By Beth Treffeisen
On the evening of Wednesday, Nov. 8 Inquilinos Boricuas en Accion (IBA) launched their year-long 50th anniversary celebration with a cocktail event hosted by The Boston Foundation at Davio’s Northern Italian Steakhouse.
Surrounded by elected state officials and leading local executives, IBA CEO Vanessa Calderon-Rosado kicked off the milestone year with an unveiling of the organization’s 50th anniversary event series starting in 2018. To make the night sparkle even more, The Boston Foundation announced a commitment of $25,000 towards the organization.
“As we reflect on our past and our founders, we can’t help but think about the legacy that a community can leave behind,” said Calderon-Rosado. “Our founders knew that their community needed affordable housing, economic and educational programs, and residential services, but they also knew that they had the power and the will to make it happen.”
IBA is a community development corporation and dynamic community builder that empowers and engages individuals and families to improve their lives through high-quality housing, education, and arts programs.
IBA grew from efforts to fight displacement amidst gentrification in the South End during the late 1960s. For more than four decades, IBA has built an affordable, safe, healthy, and supportive environment for diverse residents and has been a driving force in the South End and across the city as a leading non-profit owner and developer of affordable housing.
In the light of rising living costs in Boston and its disproportionate impact on low-income and minority residents, IBA has a fundraising goal of $250,000 which they will dedicate to providing more affordable housing, as well as promoting economic mobility, artistic enrichment and educational opportunities for the city’s most vulnerable citizens.
“I think at a time like this it is important to remember just how implausible a story like this is,” said Paul Grogan, president of the Boston Foundation. “You couldn’t have made this up. A group of mostly low-income citizens dared to take on city government to gain this property and did what they did to it to eventually gain national acclaim is amazing.”

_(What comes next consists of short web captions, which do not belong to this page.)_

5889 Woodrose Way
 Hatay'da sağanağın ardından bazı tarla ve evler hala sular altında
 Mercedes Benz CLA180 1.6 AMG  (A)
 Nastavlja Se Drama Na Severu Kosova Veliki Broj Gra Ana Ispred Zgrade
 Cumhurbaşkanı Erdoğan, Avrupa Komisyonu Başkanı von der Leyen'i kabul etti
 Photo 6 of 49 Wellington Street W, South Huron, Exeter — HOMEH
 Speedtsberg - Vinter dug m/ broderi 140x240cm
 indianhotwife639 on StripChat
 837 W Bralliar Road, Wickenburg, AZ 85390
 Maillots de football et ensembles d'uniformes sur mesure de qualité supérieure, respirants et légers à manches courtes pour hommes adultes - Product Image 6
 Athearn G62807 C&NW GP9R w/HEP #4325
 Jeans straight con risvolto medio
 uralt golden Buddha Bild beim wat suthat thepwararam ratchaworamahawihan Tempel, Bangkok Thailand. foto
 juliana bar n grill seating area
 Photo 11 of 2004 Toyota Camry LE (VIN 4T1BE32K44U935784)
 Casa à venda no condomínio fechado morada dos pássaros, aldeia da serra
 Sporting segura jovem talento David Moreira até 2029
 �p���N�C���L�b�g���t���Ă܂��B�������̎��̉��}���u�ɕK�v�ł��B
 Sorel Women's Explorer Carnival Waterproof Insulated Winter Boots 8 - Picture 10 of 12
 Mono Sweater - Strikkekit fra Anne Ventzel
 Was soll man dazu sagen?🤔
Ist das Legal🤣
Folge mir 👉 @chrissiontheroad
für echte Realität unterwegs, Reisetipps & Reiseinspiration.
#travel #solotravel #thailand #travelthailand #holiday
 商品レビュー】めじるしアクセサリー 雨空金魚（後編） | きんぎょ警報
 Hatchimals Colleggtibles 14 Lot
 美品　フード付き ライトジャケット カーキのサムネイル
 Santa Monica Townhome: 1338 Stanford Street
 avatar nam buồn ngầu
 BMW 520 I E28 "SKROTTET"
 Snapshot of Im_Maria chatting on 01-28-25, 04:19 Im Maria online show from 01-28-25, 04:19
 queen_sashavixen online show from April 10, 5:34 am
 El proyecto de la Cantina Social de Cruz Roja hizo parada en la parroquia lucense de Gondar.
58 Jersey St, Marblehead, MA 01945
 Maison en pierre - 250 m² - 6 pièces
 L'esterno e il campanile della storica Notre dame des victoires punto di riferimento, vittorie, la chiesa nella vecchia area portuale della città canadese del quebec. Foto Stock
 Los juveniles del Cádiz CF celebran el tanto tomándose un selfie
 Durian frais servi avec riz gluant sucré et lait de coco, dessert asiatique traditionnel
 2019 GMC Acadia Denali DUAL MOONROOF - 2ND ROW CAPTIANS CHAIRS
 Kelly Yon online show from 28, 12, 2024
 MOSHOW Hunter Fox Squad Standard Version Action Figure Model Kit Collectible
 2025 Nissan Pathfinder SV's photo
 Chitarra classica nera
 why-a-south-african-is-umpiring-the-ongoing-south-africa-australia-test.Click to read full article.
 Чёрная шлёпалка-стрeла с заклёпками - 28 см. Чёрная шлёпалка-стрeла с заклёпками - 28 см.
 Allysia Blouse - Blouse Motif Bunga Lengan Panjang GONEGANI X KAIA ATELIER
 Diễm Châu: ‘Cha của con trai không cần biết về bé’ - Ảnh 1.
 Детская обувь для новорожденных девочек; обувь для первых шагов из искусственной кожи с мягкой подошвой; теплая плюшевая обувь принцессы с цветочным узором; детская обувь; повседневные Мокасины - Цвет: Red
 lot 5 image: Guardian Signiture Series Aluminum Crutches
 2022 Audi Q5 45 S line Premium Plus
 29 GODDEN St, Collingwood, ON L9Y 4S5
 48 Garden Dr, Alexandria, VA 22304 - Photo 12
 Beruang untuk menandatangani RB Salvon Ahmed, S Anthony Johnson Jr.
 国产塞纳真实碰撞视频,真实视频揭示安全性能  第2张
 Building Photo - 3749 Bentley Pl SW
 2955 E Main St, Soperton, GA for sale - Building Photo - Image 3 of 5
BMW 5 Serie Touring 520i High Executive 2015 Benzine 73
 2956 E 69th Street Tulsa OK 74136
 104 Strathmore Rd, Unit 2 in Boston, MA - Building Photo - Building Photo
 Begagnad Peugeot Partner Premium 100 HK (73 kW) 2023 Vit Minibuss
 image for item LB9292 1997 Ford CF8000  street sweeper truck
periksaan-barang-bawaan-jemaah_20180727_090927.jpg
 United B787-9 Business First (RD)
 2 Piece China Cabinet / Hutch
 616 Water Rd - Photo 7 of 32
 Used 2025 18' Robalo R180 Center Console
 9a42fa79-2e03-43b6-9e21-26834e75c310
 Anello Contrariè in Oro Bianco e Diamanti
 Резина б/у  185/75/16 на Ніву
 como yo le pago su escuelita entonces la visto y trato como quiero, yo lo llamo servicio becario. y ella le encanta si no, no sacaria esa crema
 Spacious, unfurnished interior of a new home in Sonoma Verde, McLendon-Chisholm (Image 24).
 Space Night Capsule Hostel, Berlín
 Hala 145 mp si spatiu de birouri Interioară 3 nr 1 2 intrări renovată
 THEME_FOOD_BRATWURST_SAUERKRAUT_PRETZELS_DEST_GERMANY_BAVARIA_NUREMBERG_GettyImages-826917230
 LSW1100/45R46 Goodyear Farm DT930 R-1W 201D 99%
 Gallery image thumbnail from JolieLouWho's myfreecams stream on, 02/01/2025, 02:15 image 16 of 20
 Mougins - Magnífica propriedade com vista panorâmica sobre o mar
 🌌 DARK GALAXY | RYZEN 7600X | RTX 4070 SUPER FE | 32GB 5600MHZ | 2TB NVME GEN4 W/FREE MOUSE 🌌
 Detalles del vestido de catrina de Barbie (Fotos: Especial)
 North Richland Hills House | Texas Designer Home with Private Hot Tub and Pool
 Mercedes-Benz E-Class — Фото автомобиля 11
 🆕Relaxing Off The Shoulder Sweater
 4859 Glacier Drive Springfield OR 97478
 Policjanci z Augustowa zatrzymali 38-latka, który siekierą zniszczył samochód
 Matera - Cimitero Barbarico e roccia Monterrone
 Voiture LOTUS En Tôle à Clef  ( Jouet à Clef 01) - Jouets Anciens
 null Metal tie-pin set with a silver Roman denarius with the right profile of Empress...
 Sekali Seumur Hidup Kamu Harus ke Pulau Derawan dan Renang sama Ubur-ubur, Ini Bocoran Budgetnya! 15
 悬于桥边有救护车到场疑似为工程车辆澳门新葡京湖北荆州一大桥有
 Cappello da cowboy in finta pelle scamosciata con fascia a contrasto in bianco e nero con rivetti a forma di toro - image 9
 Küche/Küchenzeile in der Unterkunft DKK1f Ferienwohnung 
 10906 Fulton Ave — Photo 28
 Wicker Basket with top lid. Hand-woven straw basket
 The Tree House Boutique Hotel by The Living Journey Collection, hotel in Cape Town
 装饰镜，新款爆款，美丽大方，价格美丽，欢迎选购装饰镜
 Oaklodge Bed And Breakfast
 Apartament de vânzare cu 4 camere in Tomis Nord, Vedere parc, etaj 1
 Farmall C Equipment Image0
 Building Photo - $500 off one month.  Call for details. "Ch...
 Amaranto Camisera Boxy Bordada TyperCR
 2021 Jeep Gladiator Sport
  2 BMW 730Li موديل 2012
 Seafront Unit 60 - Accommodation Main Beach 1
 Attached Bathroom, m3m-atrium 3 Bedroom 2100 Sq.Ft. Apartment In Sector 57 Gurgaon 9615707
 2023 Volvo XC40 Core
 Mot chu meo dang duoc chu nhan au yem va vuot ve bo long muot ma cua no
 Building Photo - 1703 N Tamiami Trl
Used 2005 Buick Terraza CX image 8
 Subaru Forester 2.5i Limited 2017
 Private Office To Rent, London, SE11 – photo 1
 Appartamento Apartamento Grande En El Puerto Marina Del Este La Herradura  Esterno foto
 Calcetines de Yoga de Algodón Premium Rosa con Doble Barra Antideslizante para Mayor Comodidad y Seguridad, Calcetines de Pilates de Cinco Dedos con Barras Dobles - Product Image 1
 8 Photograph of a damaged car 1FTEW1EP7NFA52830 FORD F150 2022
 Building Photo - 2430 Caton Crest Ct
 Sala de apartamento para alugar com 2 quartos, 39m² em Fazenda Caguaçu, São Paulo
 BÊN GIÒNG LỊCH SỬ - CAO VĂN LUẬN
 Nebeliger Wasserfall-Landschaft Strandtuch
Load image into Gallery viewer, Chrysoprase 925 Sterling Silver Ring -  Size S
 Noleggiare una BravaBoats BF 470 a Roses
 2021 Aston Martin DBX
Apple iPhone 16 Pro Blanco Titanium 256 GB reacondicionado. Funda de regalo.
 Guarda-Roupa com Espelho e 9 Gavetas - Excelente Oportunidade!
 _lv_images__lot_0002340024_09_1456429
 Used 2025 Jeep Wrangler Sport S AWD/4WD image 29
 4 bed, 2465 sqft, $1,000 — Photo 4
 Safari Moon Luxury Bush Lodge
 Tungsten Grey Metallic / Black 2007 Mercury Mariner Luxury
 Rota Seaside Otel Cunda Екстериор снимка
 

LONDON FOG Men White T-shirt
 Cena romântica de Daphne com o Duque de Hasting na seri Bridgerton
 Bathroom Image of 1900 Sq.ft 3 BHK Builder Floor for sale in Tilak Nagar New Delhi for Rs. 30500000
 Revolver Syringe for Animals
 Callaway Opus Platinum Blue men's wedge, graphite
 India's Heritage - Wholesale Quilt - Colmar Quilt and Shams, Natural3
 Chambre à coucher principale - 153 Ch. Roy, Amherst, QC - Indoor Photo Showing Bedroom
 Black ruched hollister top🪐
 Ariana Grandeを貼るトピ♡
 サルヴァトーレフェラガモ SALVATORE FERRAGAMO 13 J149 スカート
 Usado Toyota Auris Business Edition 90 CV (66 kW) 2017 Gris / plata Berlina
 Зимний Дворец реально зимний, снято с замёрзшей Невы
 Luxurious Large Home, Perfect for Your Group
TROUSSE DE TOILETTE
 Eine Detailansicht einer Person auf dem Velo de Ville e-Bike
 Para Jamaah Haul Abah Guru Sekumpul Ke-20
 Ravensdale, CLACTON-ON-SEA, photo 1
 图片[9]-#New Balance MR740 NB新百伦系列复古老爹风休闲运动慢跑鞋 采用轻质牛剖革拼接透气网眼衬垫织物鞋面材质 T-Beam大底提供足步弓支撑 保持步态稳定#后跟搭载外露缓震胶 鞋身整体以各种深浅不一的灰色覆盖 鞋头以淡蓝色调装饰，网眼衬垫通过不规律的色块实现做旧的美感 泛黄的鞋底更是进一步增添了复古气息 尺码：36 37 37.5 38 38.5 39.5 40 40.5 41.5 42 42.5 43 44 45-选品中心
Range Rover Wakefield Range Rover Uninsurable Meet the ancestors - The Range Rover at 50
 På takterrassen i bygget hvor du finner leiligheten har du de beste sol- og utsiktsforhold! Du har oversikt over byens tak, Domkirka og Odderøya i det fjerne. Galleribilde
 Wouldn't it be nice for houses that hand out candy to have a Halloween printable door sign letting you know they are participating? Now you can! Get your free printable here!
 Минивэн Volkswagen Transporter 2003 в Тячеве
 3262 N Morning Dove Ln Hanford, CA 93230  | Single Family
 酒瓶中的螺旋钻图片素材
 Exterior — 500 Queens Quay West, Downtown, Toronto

“At times like these it is important that we work to make something that seems implausible, possible and we’re going to have to do that in this community to fix the problems that we have.”
The series of upcoming events include: a History Forum on April 11 that will exhibit IBA’s long-standing advocacy work and impact on the South End, Festival Betances on July 21-22, which will showcase the cultural vibrancy of the international Latino community through music, dance and art and a momentous 50th Anniversary Gala and Closing Celebration on November 3, which will celebrate IBA’s past and identify how to build an even stronger future.